¿Preparado para empezar a correr?

Al leer este artículo, ya no tendrás excusa para empezar a correr. Por supuesto, te ha picado este error y quieres ponerte los zapatos y salir a correr. La mayoría de las veces, la falta de deseo ha superado tu motivación interior y, al final, dejas de intentarlo. En algunos casos, incluso puede salir y dar el primer paso. Sin embargo, la rigidez del segundo día, combinada con el rubor, la respiración arrítmica y el cansancio inmediato sufrido durante el entrenamiento, finalmente hizo que la pereza volviera a ganar la batalla eterna, y nunca más volverás a salir a correr. Imagínese si a estas adversidades le añadimos una serie de excusas, como “No tengo tiempo”, “Estoy cansado”, “Correr es aburrido” y un sinfín de frases más.

Sin duda, es muy difícil seguir intentándolo. Pero claro que no. Miles de personas salen a correr todos los días, obsesionadas con una actividad que parece inútil desde fuera. Esta es la clave para unirse a esta comunidad que crece día a día.

¿Qué hago para empezar a correr?

Si sigue el conjunto de pautas que se describen a continuación, es fácil comenzar.

– Sé paciente

En primer lugar, debemos valorar el hecho de que necesitamos un período de adaptación, por lo que no podemos esperar resultados inmediatos. El cambio siempre lleva tiempo para adaptarse a nuestro trabajo diario, hasta que el hábito se convierte en hábito. Los primeros días serán costosos y es posible que camine más que corra, pero si persiste, pronto comenzará a notar esta mejora. Después de 3 semanas consecutivas, descubrirá que empezar a correr no es tan problemático como cree.

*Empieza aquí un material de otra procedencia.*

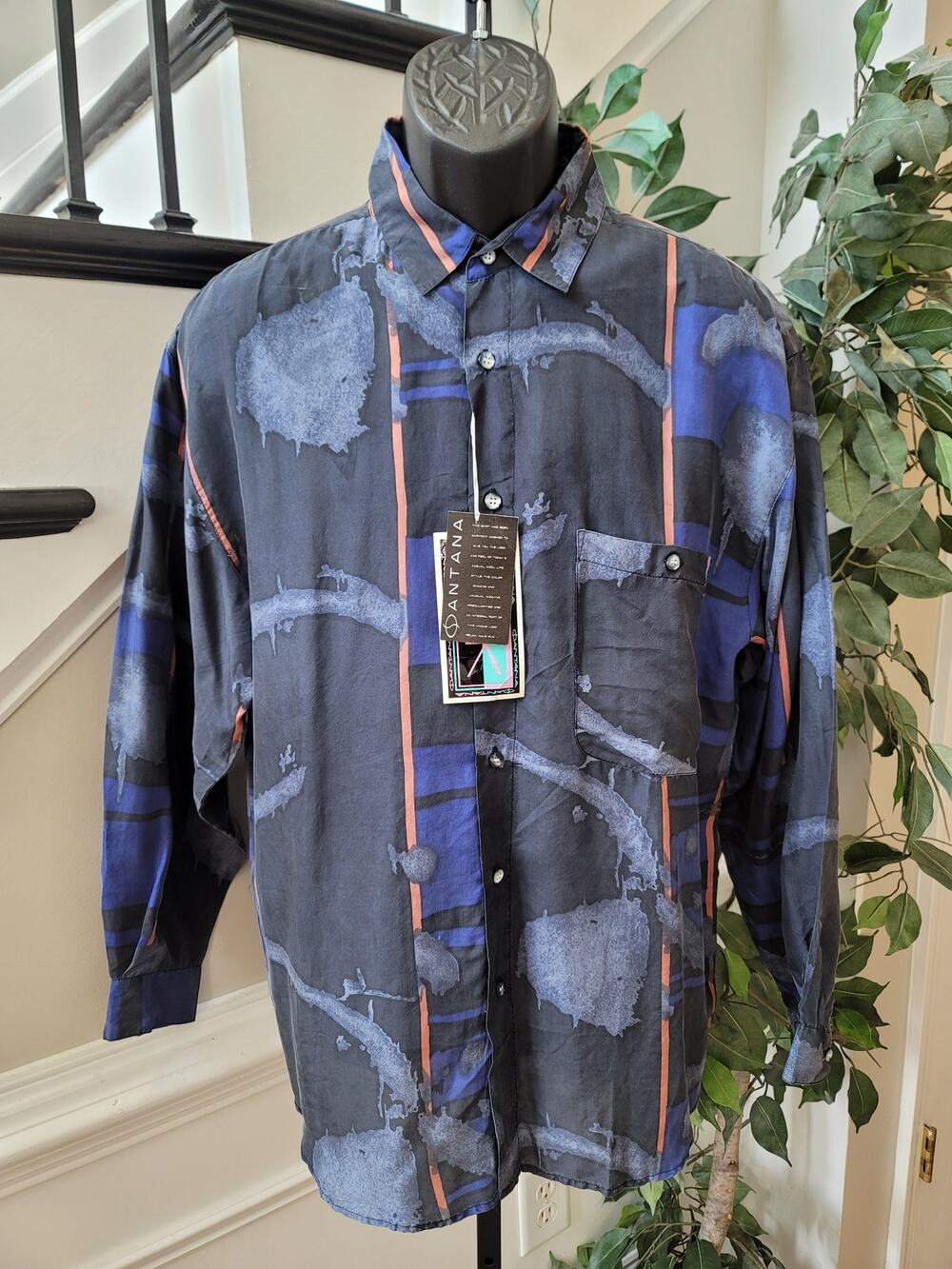 Rare Santana Button Up Shirt Men Large Navy Blue 100% Slik Long Sleeves Collared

 Asesórate por profesionales y entrena con compañía

Para aprender el método correcto, busque un capacitador calificado para guiar y supervisar su capacitación. Además, si encuentras que un amigo o un grupo comienza a correr con ellos, descubrirás que se vuelve más interesante. Lento y tenga buena letra. Es muy importante empezar con suavidad. Estamos ante una nueva actividad (o la olvidamos después de mucho tiempo sin practicar). Nuestro cuerpo aún no está acostumbrado a este nuevo ejercicio, por lo que para no fatigarnos demasiado, alternaremos las etapas de correr y caminar. Por ejemplo: Corre durante 1 minuto, luego camina durante 3 minutos. Repita 4 o 5 veces por un total de 16 a 20 minutos. A medida que avanza, reduzca el tiempo de caminata y aumente gradualmente el tiempo de carrera. Si menos lo espera, correrá continuamente durante 20 minutos sin sentirse aventurero y dedicará mucho menos esfuerzo de lo que cree. Parece raro, pero esto nos lleva al siguiente principio.

 Acaba con ganas

Termina con la sensación de poder hacer otras cosas. Empezar poco a poco es fundamental, si dejamos un poco de ganancia cada día, siempre querremos seguir y entrenar de nuevo. Absorberemos mejor el entrenamiento, y la mejora será mayor en comparación con el 120% de entrenamiento que damos. El exceso de trabajo puede causarnos lesiones.

– No todo es correr

Incorpora técnicas de entrenamiento de fuerza y ​​carrera a tu rutina de ejercicios semanal. Cuando corremos, el suelo nos impacta constantemente. Nuestras articulaciones (principalmente tobillos, rodillas, caderas y columna vertebral) son las encargadas de paliar estos golpes, si no estamos preparados lo más sencillo es acabar lastimándonos. El entrenamiento de fuerza puede ayudarnos a prevenir lesiones y fortalecer los músculos. Si no tienes tiempo para entrenar, lo mejor es correr menos y dedicar más tiempo a completar este trabajo complementario. Cuando entrenamos por nuestra cuenta, normalmente no lo hacemos por falta de ganas o por desconocimiento, pero es fundamental. Progresará rápidamente y reducirá el daño.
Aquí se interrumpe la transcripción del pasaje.